*Task goal*
Only the lines below from the one that holds "South Florida business" through the one that holds "events interactive surabaya" should appear in the answer, copied exactly, end lines included and pictures omitted.
═════ Data to process ═════
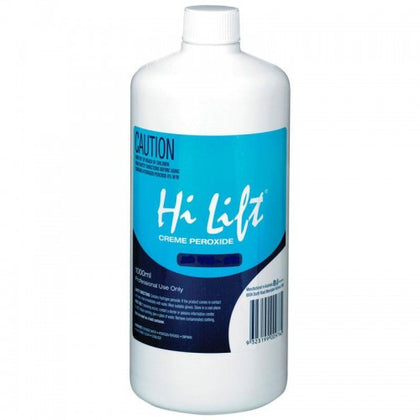 Hi Lift Peroxide 1.5% Activator 1 Litre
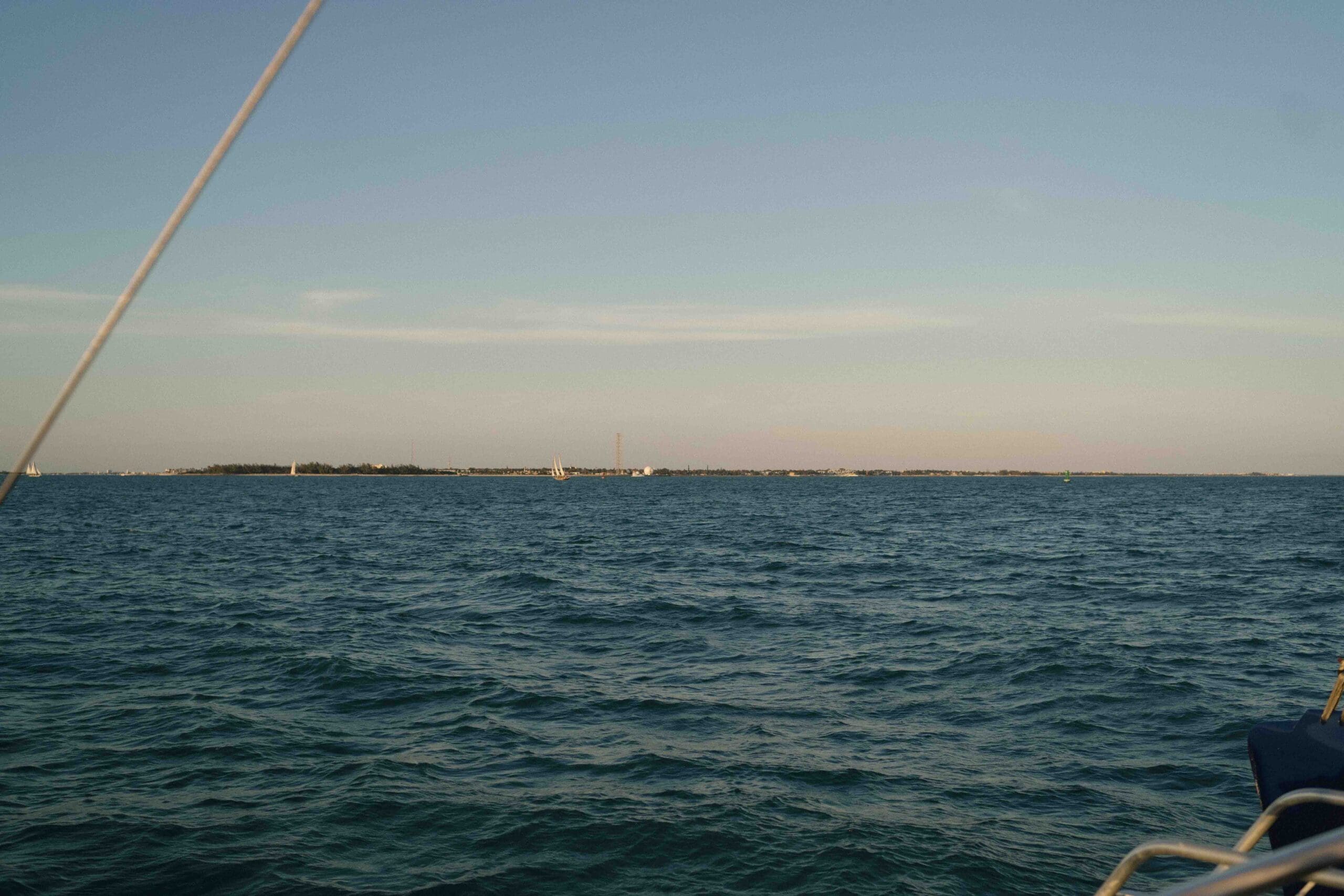 South Florida business district representing the local market for full-service marketing agencies.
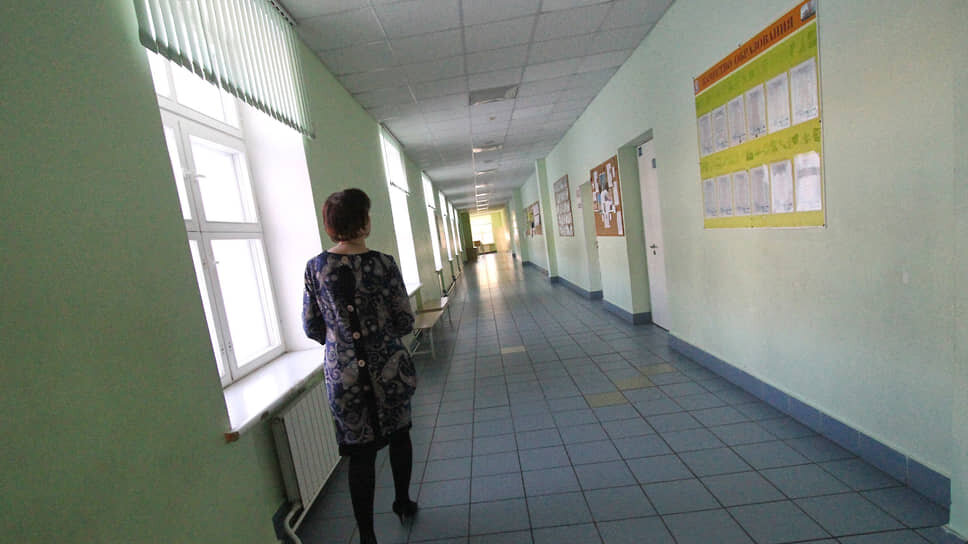 Фото: Владислав Лоншаков / Коммерсантъ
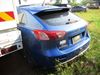 Picture of MITSUBISHI LANCER SPORTBACK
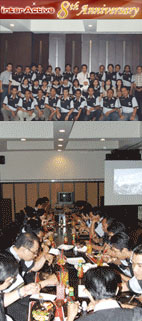 events interactive surabaya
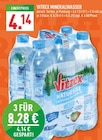 Mineralwasser Angebote von Vitrex bei Marktkauf Bochum für 8,28 €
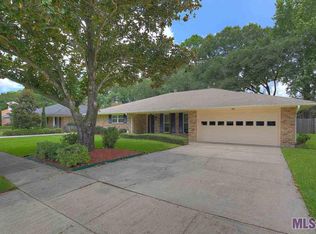 8643 Wakefield Ave, Baton Rouge, LA 70806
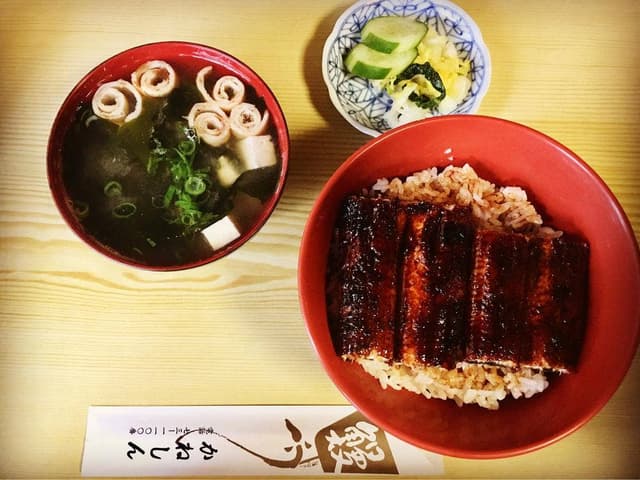 かねしんうなぎ - サブ画像1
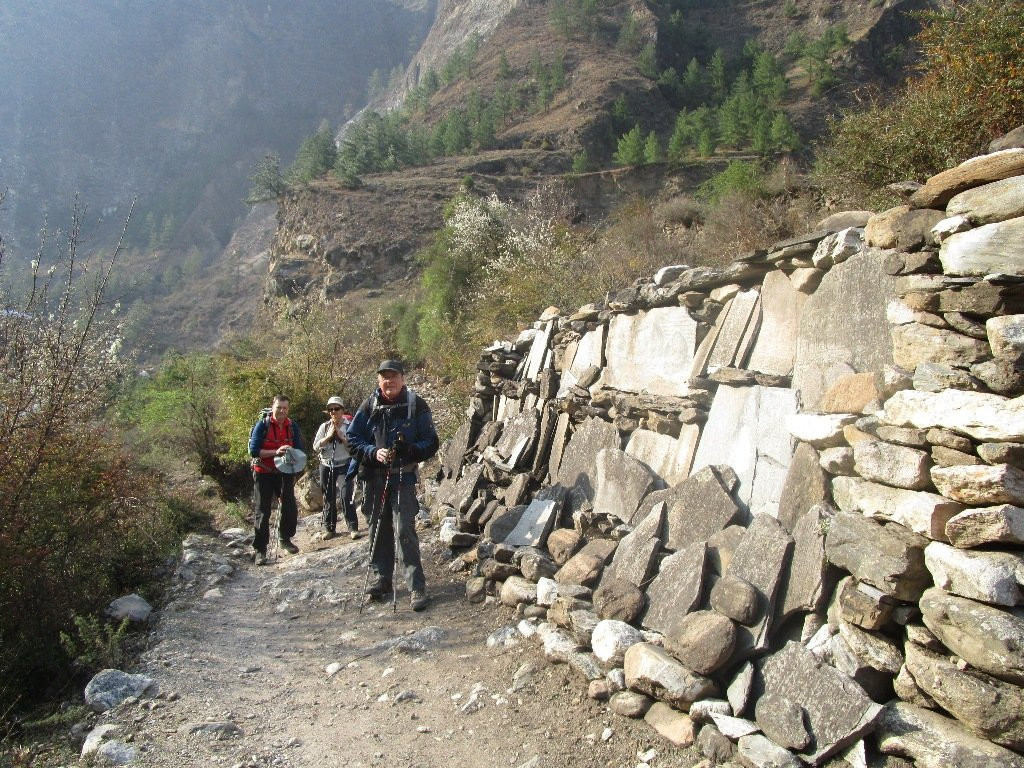 Explore Manaslu-加德满都必去景点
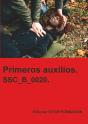 Primeros Auxilios. Ssc_B_0020. - Preview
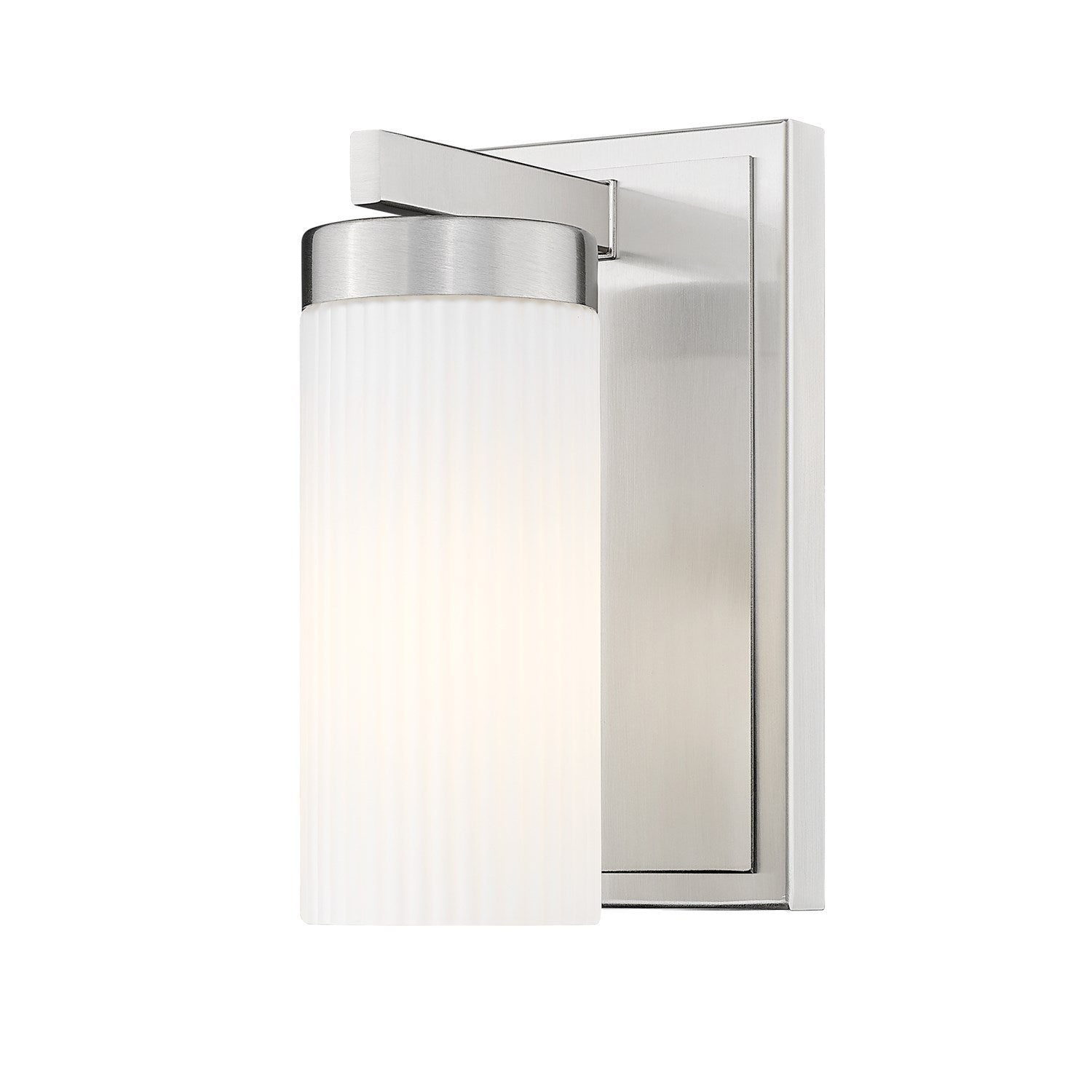 1 Light Wall Sconce by Z-Lite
═════
*Exercise answer*
 South Florida business district representing the local market for full-service marketing agencies.
 Фото: Владислав Лоншаков / Коммерсантъ
 Picture of MITSUBISHI LANCER SPORTBACK
 events interactive surabaya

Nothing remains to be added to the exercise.